DATA FOR THIS TASK —
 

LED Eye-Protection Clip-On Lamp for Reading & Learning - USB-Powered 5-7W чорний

--

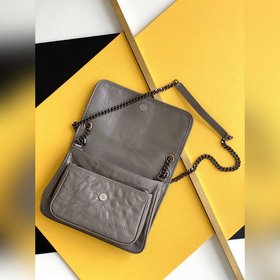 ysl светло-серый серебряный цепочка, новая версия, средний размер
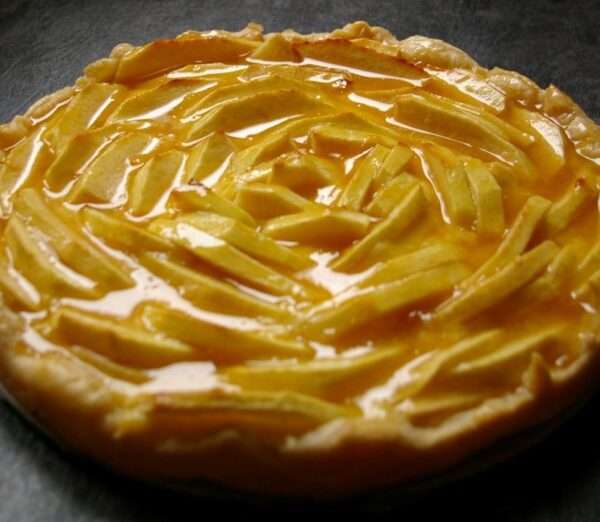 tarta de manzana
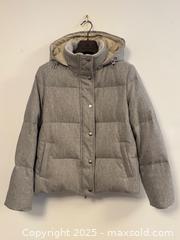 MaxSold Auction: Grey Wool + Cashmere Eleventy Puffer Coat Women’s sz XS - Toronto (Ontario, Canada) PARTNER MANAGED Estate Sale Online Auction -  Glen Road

WORK REQUEST — From the records above, copy only the lines running from the line holding "ysl светло-серый серебряный" through the line holding "MaxSold Auction: Grey", with no pictures.

RESULT —
 ysl светло-серый серебряный цепочка, новая версия, средний размер
 tarta de manzana
 MaxSold Auction: Grey Wool + Cashmere Eleventy Puffer Coat Women’s sz XS - Toronto (Ontario, Canada) PARTNER MANAGED Estate Sale Online Auction -  Glen Road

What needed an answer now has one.